The Spell of the Northern Lights

Professor Robert Lysak
Bob Lysak
Richard Anderson
                                                       

The aurora borealis, or Northern Lights have long been a subject of fascination in folklore and for those of us lucky enough to see them in northern latitudes. Professor Bob Lysak is a theoretician who has been studying the unique physics of aurora since the 1970’s. The classic model of the Aurora is that electrons trapped in the Earth’s magnetosphere are accelerated by quasi-static electric fields that form parallel to the Earth’s magnetic field and cause the light display.

Lysak has created an alternative model of the Aurora which insists that Alfven Waves, an oscillation that occurs along the lines of the Earth’s magnetosphere, play a part in delivering energy to the Aurora. Lysak’s model was borne out by data from the FAST satellite, which showed that patterns of acceleration that were more consistent with the Alfvén wave picture than what was predicted by the standard model of aurora physics.

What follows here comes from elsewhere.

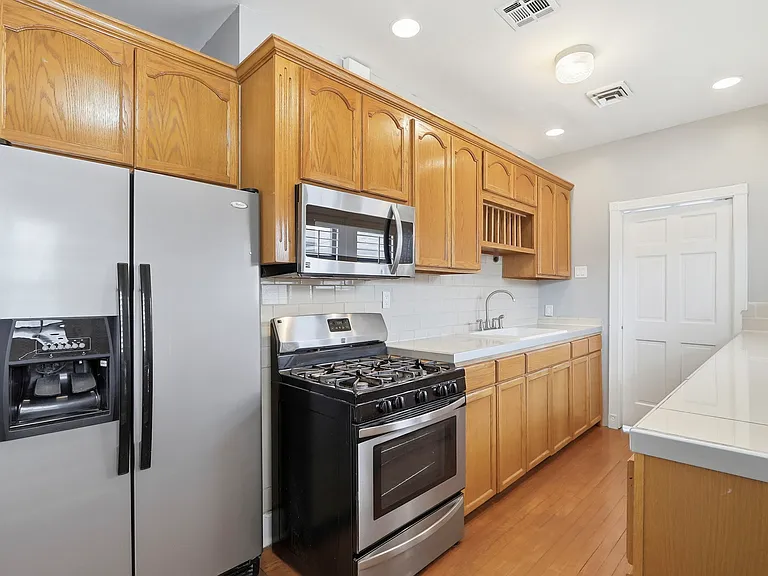 4410 Trowbridge Dr #A — Photo 9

Lysak explains that part of the problem with constructing a model of the physics of the Aurora is that the magnetosphere and ionosphere are not uniform. The ionosphere is so named because solar-radiation causes particles within it to lose electrons, that is, to become ionized. Due to the Earth’s gravitational field, the ionosphere has layers that vary in density at different altitudes. The Alfvén waves move through this plasma more slowly when it is more dense and more quickly where it is less dense. When plasma density falls off rapidly it creates a cavity where packets of Alfvén waves form, leading to the particle acceleration. The speed of Alfven waves increases exponentially above the ionosphere and can sometime hit relativistic speeds. Lysak has created a mathematical model to predict this ionospheric "weather."

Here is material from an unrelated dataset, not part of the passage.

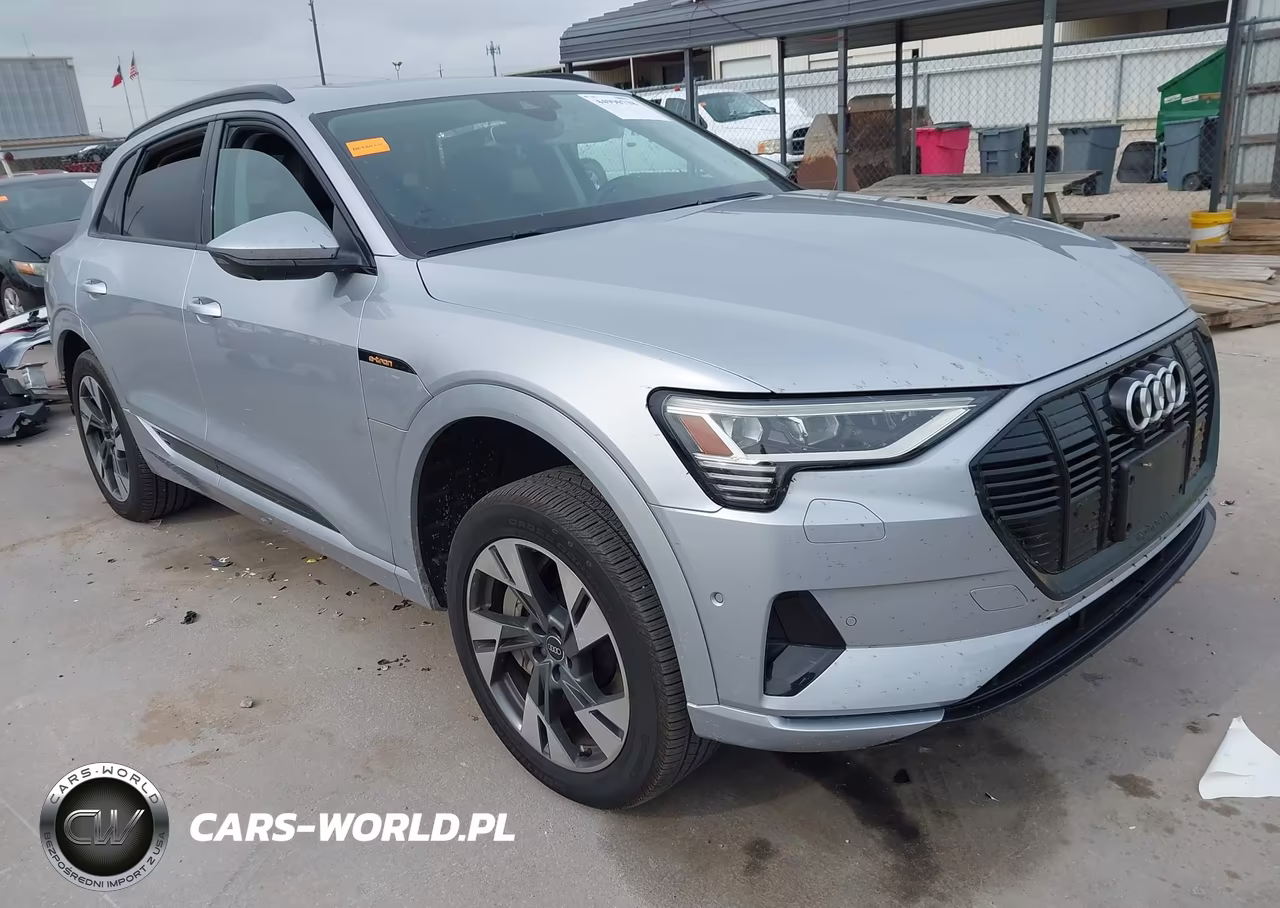 2021 Audi E-Tron Premium Quattro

Certain other space "weather" conditions such as the solar maximum, a cycle of Sun storms that peaks every eleven years, enable physicists and aurora enthusiasts alike to be able to see the strongest aurora in high northern latitudes, and correspondingly at high southern latitudes as well. Although electrons and ions hit the Earth’s atmosphere continuously, the large energies required to form a visible aurora are only kicked up when a storm on the Sun hits the Earth’s magnetosphere and disturbs it. Most aurora are diffuse and appear in the sky as a single colored haze. Occasionally more spectacular aurora will be visible that appear like a changing multi-hued light show in the sky. Lysak describes especially dynamic or “dancing” aurora lights as being Alfvenic, because the Alfven wave picture predicts more dynamic aurora than the standard static model. Lysak says that although we are now in the trough of the Sun storm cycle, the solar minimum, physicists believe that solar activity is again increasing and Northern Minnesota will once again be a good place to observe the Northern Lights.